Earthwork, Ben, Co. Westmeath
Co. Westmeath |
Ritual/Ceremonial
Some places earn a kind of ghostly significance precisely because there is so little left to see.
At the Ben of Fore in County Westmeath, an earthwork was once considered significant enough to be flagged on the county's Record of Monuments and Places, the official mapping of known and potential archaeological sites compiled in 1996. Yet when satellite imagery was examined roughly fifteen to twenty years later, no surface remains of any earthwork could be identified at all. The site sits in a curious administrative limbo: recorded, but unverifiable.

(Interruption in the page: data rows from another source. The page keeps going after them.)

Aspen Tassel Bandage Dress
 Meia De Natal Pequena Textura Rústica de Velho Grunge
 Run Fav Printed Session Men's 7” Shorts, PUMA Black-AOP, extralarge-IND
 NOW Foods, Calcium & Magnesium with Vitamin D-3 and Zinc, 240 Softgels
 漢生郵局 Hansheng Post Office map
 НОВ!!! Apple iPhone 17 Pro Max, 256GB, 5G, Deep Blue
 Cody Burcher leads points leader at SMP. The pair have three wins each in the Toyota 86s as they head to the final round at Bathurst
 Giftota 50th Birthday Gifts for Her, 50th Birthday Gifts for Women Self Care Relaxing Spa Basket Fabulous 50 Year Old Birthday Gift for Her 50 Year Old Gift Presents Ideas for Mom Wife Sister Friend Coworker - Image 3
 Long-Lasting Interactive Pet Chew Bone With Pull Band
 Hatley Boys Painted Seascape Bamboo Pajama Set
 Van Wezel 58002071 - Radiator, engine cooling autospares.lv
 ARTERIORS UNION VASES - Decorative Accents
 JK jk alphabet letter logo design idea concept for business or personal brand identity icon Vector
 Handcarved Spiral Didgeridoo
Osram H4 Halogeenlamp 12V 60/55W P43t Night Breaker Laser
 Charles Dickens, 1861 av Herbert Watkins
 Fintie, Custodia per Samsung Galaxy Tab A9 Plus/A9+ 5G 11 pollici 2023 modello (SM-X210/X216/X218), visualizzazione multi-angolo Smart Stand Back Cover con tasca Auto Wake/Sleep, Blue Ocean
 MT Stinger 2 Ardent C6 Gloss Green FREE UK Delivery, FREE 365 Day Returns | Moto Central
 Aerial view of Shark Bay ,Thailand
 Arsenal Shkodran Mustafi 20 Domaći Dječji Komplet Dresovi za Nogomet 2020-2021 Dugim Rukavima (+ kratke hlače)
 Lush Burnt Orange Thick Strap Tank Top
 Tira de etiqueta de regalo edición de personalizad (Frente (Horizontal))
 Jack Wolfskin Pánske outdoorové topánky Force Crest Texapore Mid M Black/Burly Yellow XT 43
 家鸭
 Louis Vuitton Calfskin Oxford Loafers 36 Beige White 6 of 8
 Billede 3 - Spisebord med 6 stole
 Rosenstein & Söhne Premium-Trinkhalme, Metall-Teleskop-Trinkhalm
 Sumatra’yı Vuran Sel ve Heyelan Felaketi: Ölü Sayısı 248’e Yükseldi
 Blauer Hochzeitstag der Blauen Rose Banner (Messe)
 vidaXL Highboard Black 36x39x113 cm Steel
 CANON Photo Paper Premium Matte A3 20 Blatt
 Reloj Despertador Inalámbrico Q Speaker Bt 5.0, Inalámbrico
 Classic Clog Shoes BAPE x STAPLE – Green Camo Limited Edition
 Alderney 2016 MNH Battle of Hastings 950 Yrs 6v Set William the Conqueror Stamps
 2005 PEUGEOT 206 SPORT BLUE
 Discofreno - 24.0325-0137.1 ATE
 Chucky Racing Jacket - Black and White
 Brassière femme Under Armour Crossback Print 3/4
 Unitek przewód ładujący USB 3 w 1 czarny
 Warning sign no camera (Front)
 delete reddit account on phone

The Ben of Fore sits close to Fore itself, a townland in north Westmeath with a well-documented medieval past, including the ruins of a Benedictine priory and a collection of early Christian remains. An earthwork in this context might have meant anything from a field boundary of medieval origin to the remnants of a ringfort, the circular enclosed farmstead type found across Ireland in enormous numbers and typically dating to the early medieval period. The Westmeath RMP of 1996 treated the site as a potential monument, which is a formal designation acknowledging that something may once have existed there without confirming its nature or survival. By the time aerial and satellite images from 2011 to 2013 were assessed, the landscape offered no visual confirmation of any surviving feature.